This book is designed for three classes of people:
- Beginners who want an introduction to philosophy;
- Those who have already had an introduction to philosophy and who would like to see it in action now applied to a great book written by a great philosophy, but who have never read Plato's Republic, the most famous and influential philosophy book ever written;
- Those who have read Plato's Republic before but did not understand its deepest significance.
Why is Plato the best introduction to philosophy?
Peter Kreeft has taught philosophy for over 50 years, including one section of a course for beginners every semester. He has tried just about everything possible, and a few new things that are impossible. He has experimented with every one of the many alternative methods available for teaching beginners. (He has A.D.D., so he easily gets bored and likes to try new things all the time.) But he has never found anything nearly as successful as Plato.

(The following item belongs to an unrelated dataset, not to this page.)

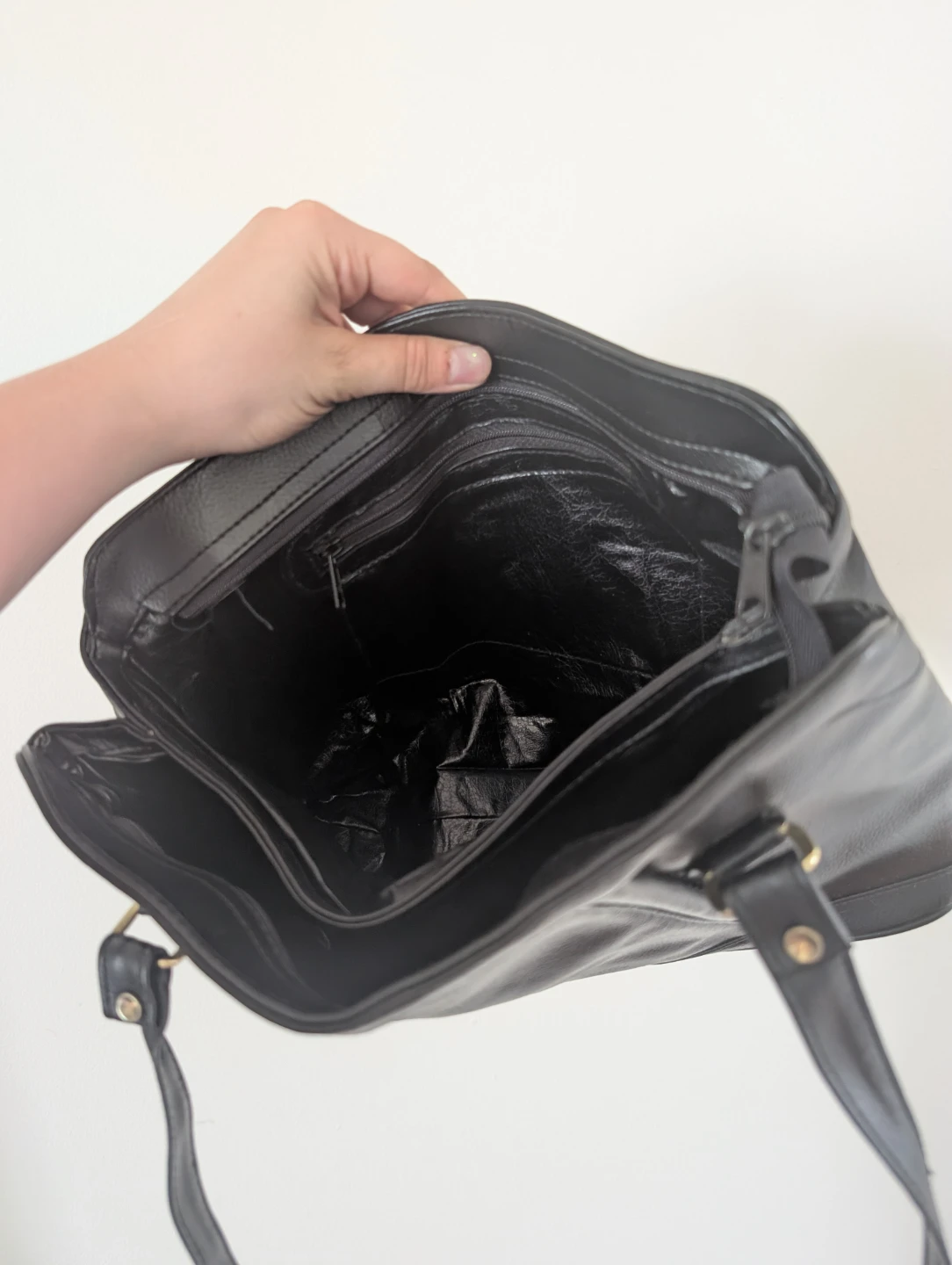 Black Faux Leather Shoulder Bag - photo 2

Plato is the best writer in the history of philosophy. Most philosophers are dull, undramatic, abstract writers. (There are a few other exceptions besides Plato: Augustine, Pascal, Nietzsche, Kierkegaard.) But Plato wrote dramatic dialogues, in which Socrates, his famous teacher, interacts with a great variety of fools. These dialogues are like intellectual swordfights, and even though you know Socrates is going to win, they are exciting because you see his ideas come alive, like a sword in the handoff a master. Plato is a great dramatist, a great poet, and a great psychologist as well as a great philosopher. Nobody else who ever lived combined those four talents as well as Plato did.
Apprenticeship to a great master is the best way to learn any art. The student will understand what philosophy is better by watching a master do it than by reading abstract definitions of it from a second-rate philosopher, or by a mere scholar. Concrete examples are always the easiest way to learn things. Plato's dialogues are the world's first, and still the best, concrete example of philosophizing.
Kreeft introduces his students to this love affair through a great matchmaker, Plato, who is a better teacher than the student will ever meet in the land of the living.
In fact, Plato still is in the land of the living. He's still alive and kicking in his dialogues. He rubs off on those who are wise and humble enough to become a student.